REl - 0600566-74.2020.6.21.0172 - Voto Relator(a) - Sessão: 21/06/2022 às 14:00

VOTO

LUIZ PEGORARO, candidato ao cargo de vereador no Município de Novo Hamburgo, recorre contra a sentença proferida pelo juízo da 172ª Zona Eleitoral, que desaprovou as contas, com base no art. 74, inc. III, da Resolução TSE n. 23.607/19, em vista da constatação da falta de comprovação da regular utilização de recursos do FEFC, relativamente ao montante total destinado pelo referido fundo à campanha do prestador, no valor de R$ 4.978,00, o qual foi integralmente sacado da sua conta.

Acolhendo o parecer contábil (ID 44866084), a sentença (ID 44866091) consignou que:

A) O candidato efetuou saque avulso do valor integral da receita do Fundo Especial contrariando o disposto 38 da Resolução mencionada. Vejamos:

Art. 38. Os gastos eleitorais de natureza financeira, ressalvados os de pequeno vulto previstos no art. 39 e o disposto no § 4º do art. 8º, ambos desta Resolução, só podem ser efetuados por meio de:

I - cheque nominal cruzado;

II - transferência bancária que identifique o CPF ou CNPJ do beneficiário;

III - débito em conta; ou

IV - cartão de débito da conta bancária.

§ 1º O pagamento de boletos registrados pode ser realizado diretamente por meio da conta bancária, vedado o pagamento em espécie.

§ 2º É vedado o pagamento de gastos eleitorais com moedas virtuais.
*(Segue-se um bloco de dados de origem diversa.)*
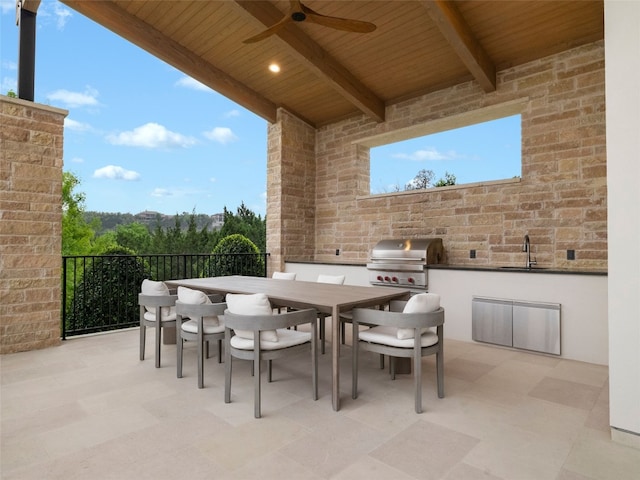 4701 Peralta Ln, Austin, TX 78735 - view of patio featuring area for grilling, outdoor dining area, and ceiling fan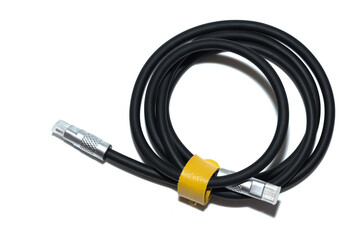 Fast charging cable with type-c and type-c interface on white insulating background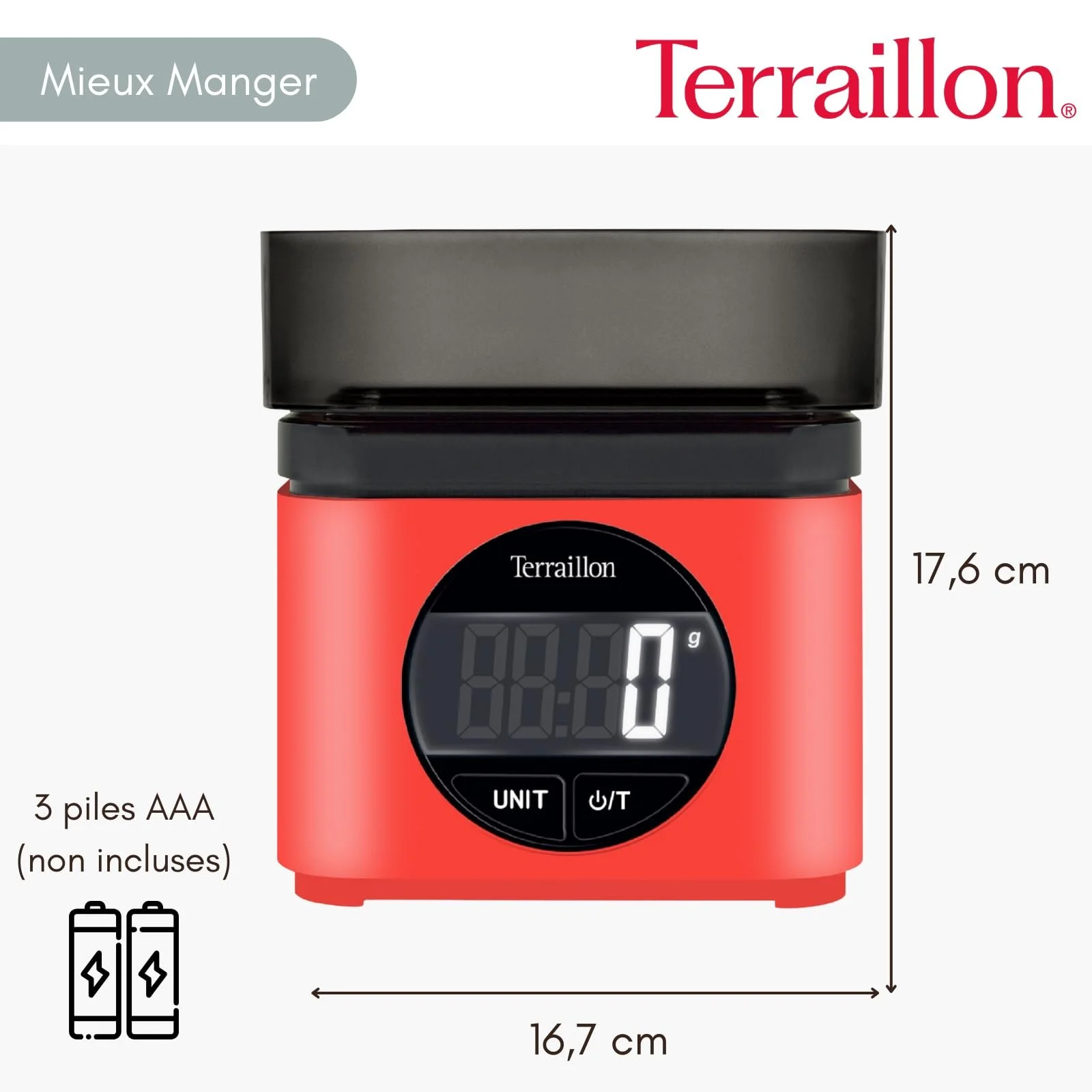 Електронні кухонні ваги TERRAILLON Mythique BA22 0,7 л Чаша LCD Червоні, фото №5 Електронні кухонні ваги TERRAILLON Mythique BA22 0,7 л Чаша LCD Червоні, фото №5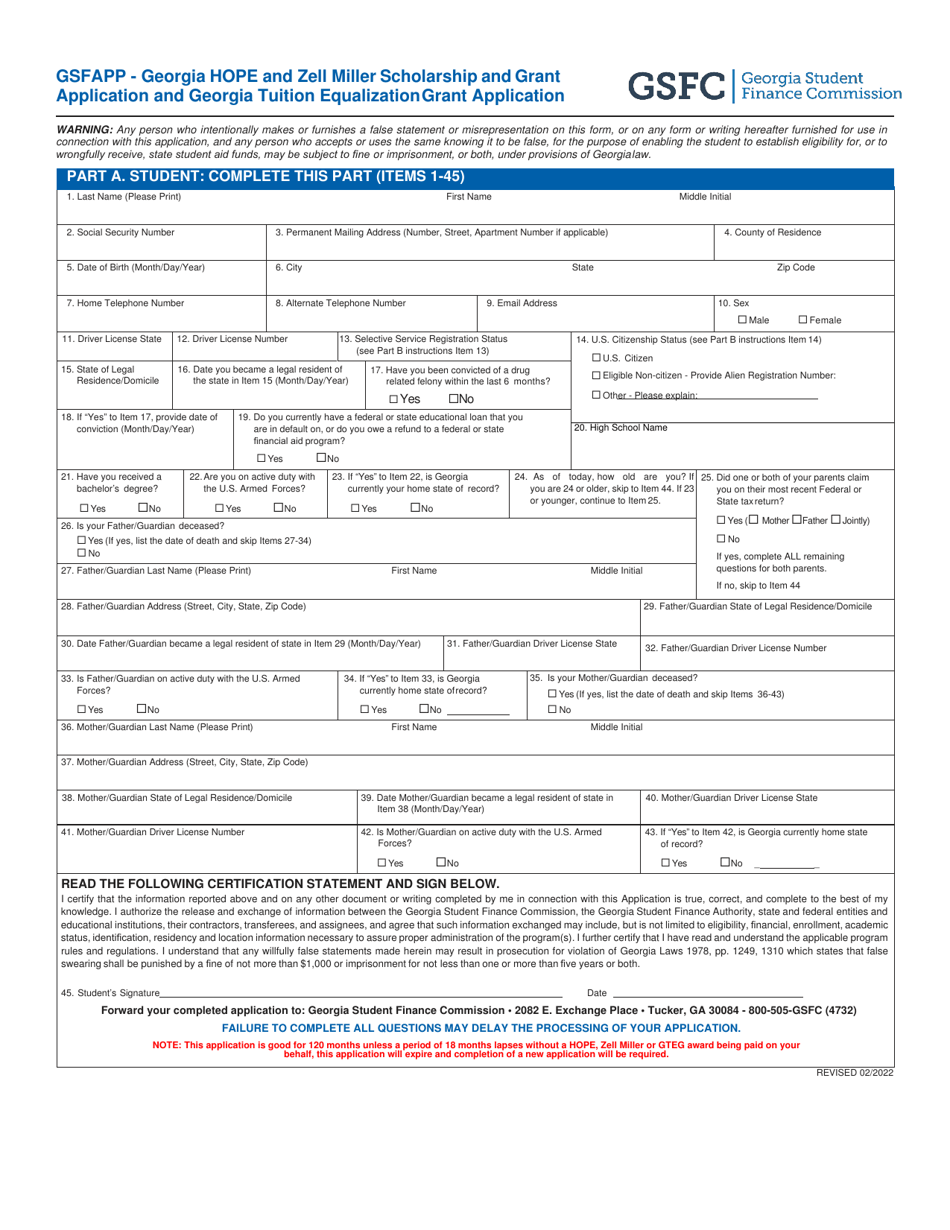 (United States) Hope and Zell Miller Scholarship and Grant Application and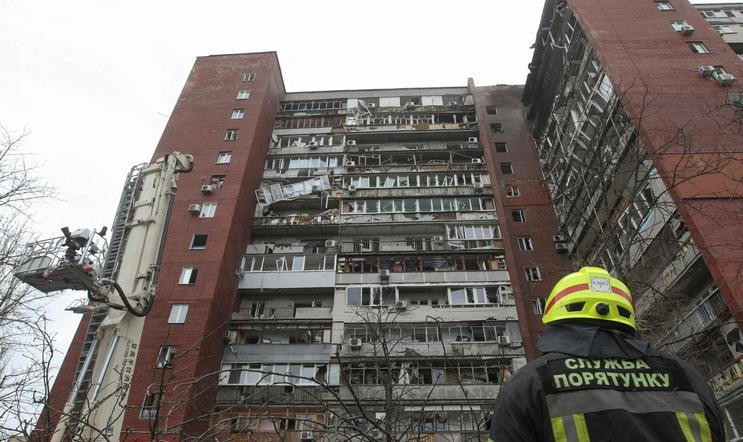 Následky ruského útoku na Dnipro, 24. března 2026.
É correto que a falta de talões de cheques alegada pelo prestador não tem força pra afastar a obrigatoriedade do cumprimento do dispositivo citado já que a lei coloca à disposição do prestador outras formas de se efetuar os gastos de campanha, conforme o dispositivo citado.

E correto, também, que não se tratou de pagamento de despesas de pequeno vulto, tal como preveem os artigos 39 e 40 da Resolução TSE n. 23.607/19, pois o valor sacado superou em muito o limite legal de 2%:

Art. 39. Para efetuar pagamento de gastos de pequeno vulto, o órgão partidário e o candidato podem constituir reserva em dinheiro (Fundo de Caixa), desde que:

I - observem o saldo máximo de 2% (dois por cento) dos gastos contratados, vedada a recomposição;

II - os recursos destinados à respectiva reserva transitem previamente pela conta bancária específica de campanha;

III - o saque para constituição do Fundo de Caixa seja realizado mediante cartão de débito ou emissão de cheque nominativo em favor do próprio sacado.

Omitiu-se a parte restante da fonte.